**What to produce**
Would you please return the data below verbatim, without its pictures?

>>>

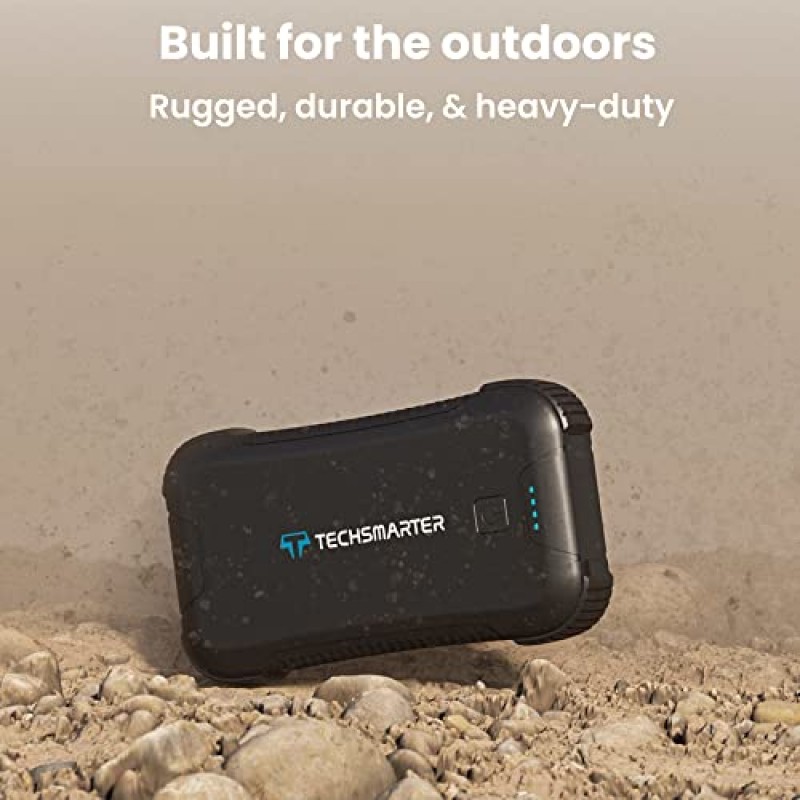 TECHSMARTER 30000mah 견고한 방수 45W USB-C PD 헤비듀티 보조베터리, 캠핑용 휴대용 충전기, 야외용 손전등 포함. iPhone, Galaxy, iPad, MacBook, Steam Deck과 호환 가능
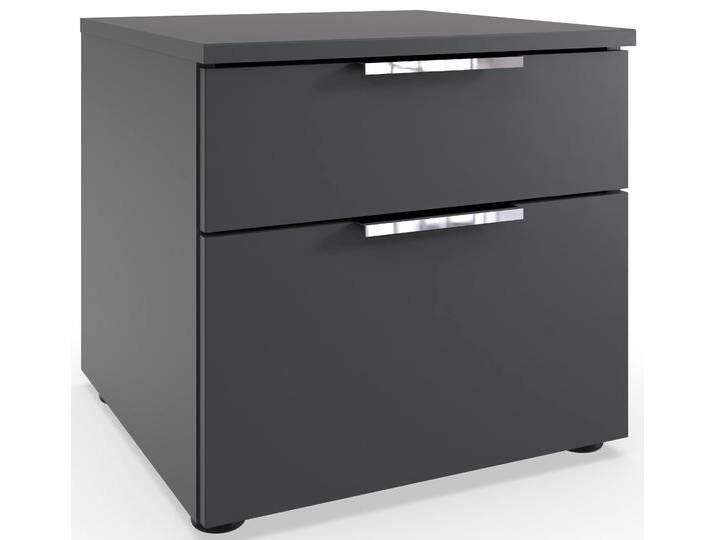 Nachtkommode WIMEX Level by fresh to go , grau (graphit), B:41cm H:39cm T:41cm, Spanplatte, Sideboards, 2 Schubladen mit soft-close Funktion, 41cm breit, 39cm hoch von Wimex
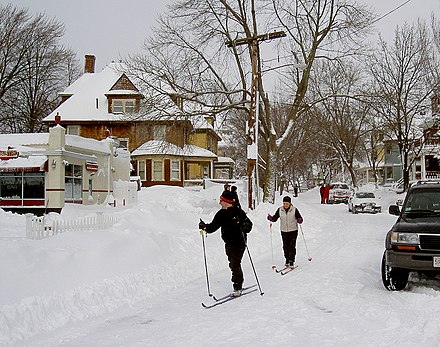 Brookline residents taking the streets back after a 2013 blizzard.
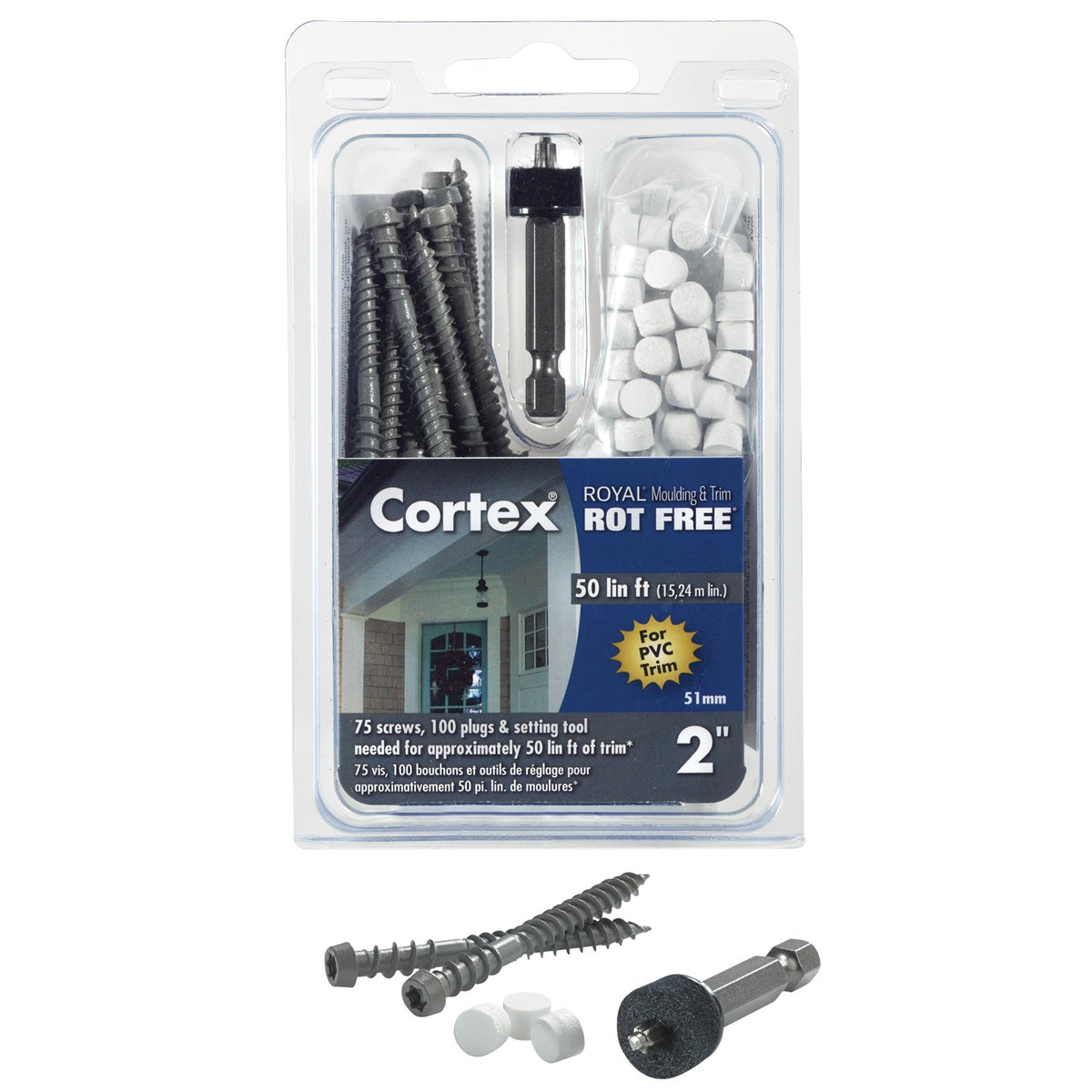 FastenMaster Cortex for Royal Trim 2 mm White Hidden Deck Fastener (75-Pack)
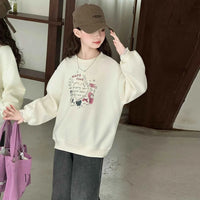Girls Heart Pearl Sweatshirt – Kids Long Sleeve Casual Fashion Hoodie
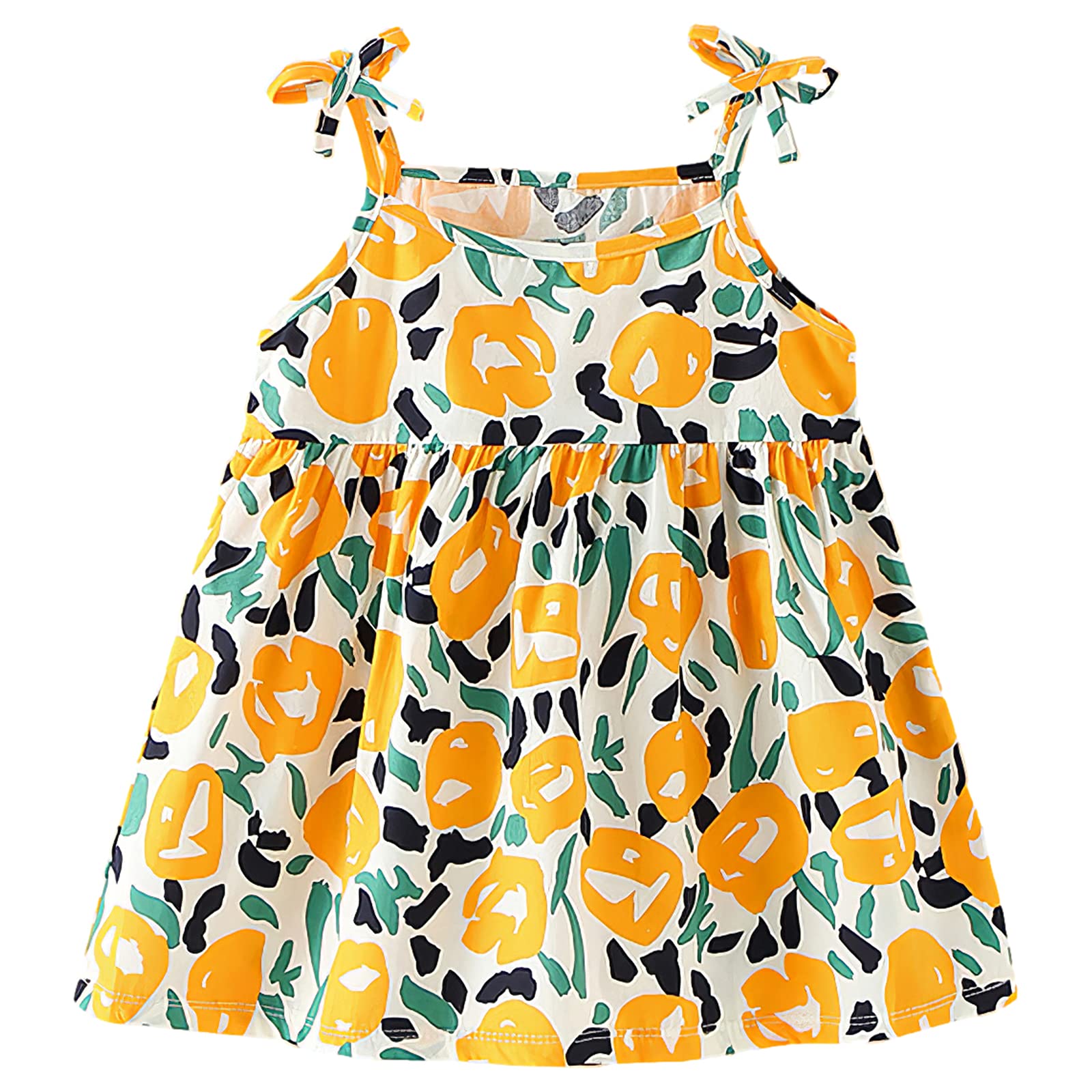 amropi Pack de 3 Vestidos sin Mangas para Bebé Niña Algodón Floral Casual Vestido 0-3 años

<<<

**Reply**
 TECHSMARTER 30000mah 견고한 방수 45W USB-C PD 헤비듀티 보조베터리, 캠핑용 휴대용 충전기, 야외용 손전등 포함. iPhone, Galaxy, iPad, MacBook, Steam Deck과 호환 가능
 Nachtkommode WIMEX Level by fresh to go , grau (graphit), B:41cm H:39cm T:41cm, Spanplatte, Sideboards, 2 Schubladen mit soft-close Funktion, 41cm breit, 39cm hoch von Wimex
 Brookline residents taking the streets back after a 2013 blizzard.
 FastenMaster Cortex for Royal Trim 2 mm White Hidden Deck Fastener (75-Pack)
Girls Heart Pearl Sweatshirt – Kids Long Sleeve Casual Fashion Hoodie
 amropi Pack de 3 Vestidos sin Mangas para Bebé Niña Algodón Floral Casual Vestido 0-3 años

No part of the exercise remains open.